SOURCE MATERIAL
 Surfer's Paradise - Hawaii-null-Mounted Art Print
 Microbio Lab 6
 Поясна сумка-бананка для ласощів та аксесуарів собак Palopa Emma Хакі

TASK GOAL
When you reach the line that contains "Microbio Lab 6" in the material above, please copy it and every line after it exactly, stopping only at the last line.

ANSWER TO THIS PROBLEM
 Microbio Lab 6
 Поясна сумка-бананка для ласощів та аксесуарів собак Palopa Emma Хакі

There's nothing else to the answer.